The idea has been pushed consistently by motorcyclists, who argue the policy can improve traffic congestion and leaves them less vulnerable to being rear-ended by inattentive drivers. As they did two years ago, the bill’s proponents flooded the Senate Judiciary Committee with testimony supporting the idea.

“Perhaps one of the more dangerous situations for any on-highway motorcyclist is being caught in congested traffic, where stop-and-go vehicles, distracted and inattentive vehicle operators and environmental conditions pose an increased risk of physical contact with another vehicle or hazard,” Nicholas Haris, a representative for the American Motorcyclist Association, wrote in a letter to lawmakers. “Even minor contact under such conditions can be disastrous for motorcyclists.”

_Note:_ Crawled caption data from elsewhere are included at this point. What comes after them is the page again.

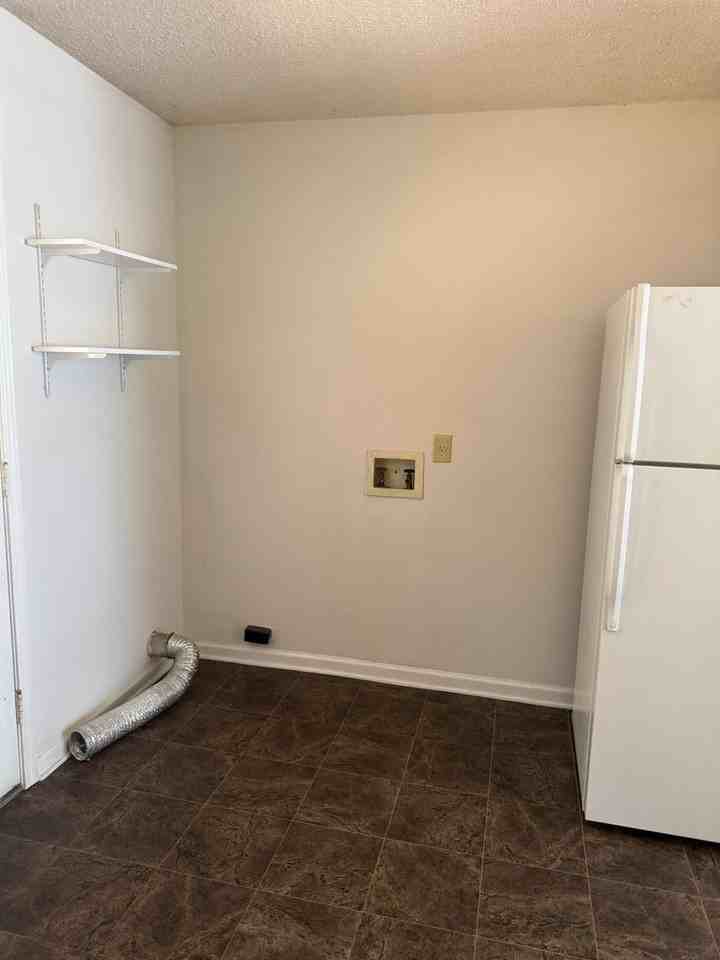 2077 N Whisnant Ave - Photo 3 of 14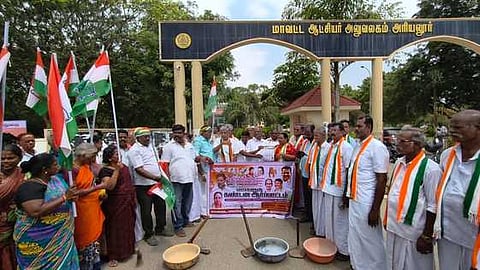 மத்திய அரசைக் கண்டித்து
காங்கிரஸாா் ஆா்ப்பாட்டம்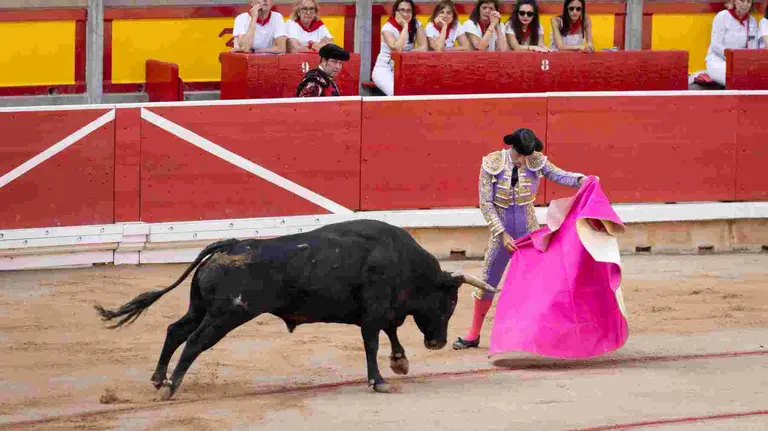 Escribano durante su faena con el capote. MAITE H. MATEO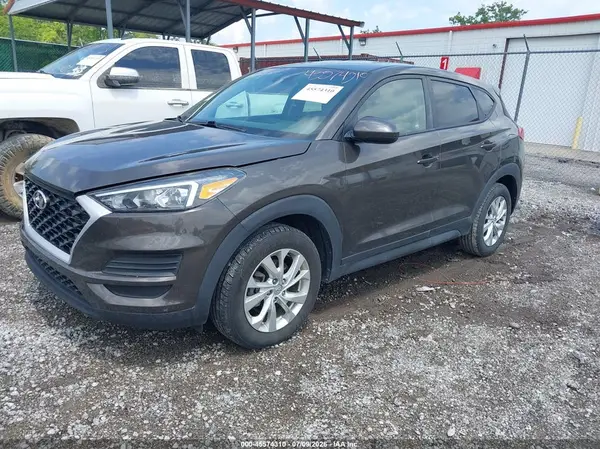 KM8J2CA40KU054679 2019 HYUNDAI TUCSON - Image 2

If the bill makes it through the Senate and receives gubernatorial approval, Oregon would join at least four other western states in endorsing some form of the practice, which is known as lane splitting, lane sharing or lane filtering, depending on the exact details of the behavior allowed.

California currently allows lane splitting under different circumstances than Oregon’s proposed law, as does Montana. Utah allows a similar concept when traffic is stopped at an intersection, a law advocates argue has helped reduce deaths. A policy in Arizona took effect in September.

Washington does not allow the practice, though is considering legislation that could change that. One frequently cited study from the University of California Berkeley concluded that lane splitting can be safe under certain conditions.

SB 422 prompted virtually no debate on the Senate floor on Tuesday – just a tongue-in-cheek comment from Sen. David Brock Smith, R-Port Orford. A motorcyclist himself, Brock Smith jokingly requested an amendment “that we send all the endorsed motorcycle riders, if this bill were to pass, an organ-donor card.”

While Brock Smith voted in favor of the bill, concerns that allowing motorcyclists to split lanes would make traffic less safe have hampered the proposal in the past.

In announcing her decision to veto the idea in 2021, Brown wrote to lawmakers that “many stakeholders, including law enforcement agencies and members of the public, remain concerned that lane filtering is unsafe for both the motorcyclists and the drivers sharing the road, due to the serious injuries and death that commonly result from motorcycle-involved accidents.”

Brown’s decision was informed in part by the Oregon Transportation Safety Committee, an advisory body that worried about allowing motorcyclists to ride in the blind spots of other drivers.

In order to address safety concerns, lawmakers this year included a provision to the lane-splitting bill that would make violating the law’s provisions a class A violation, punishable by up to a $2,000 fine. The offense of unlawful passing on a motorcycle or moped is currently a class B violation that can carry a maximum $1,000 penalty. “That was done to make it more likely that people will follow the law,” said Sen. Michael Dembrow, D-Portland, a chief sponsor of the bill. “What we’re doing here in making this legal is not saying that we support violation of the law. We say we support lane filtering as long as you follow the law.”

There’s at least one indication that a gubernatorial veto might not be in the cards this year. In 2021, then-House Speaker Tina Kotek – now the state’s governor – voted in favor of the proposal.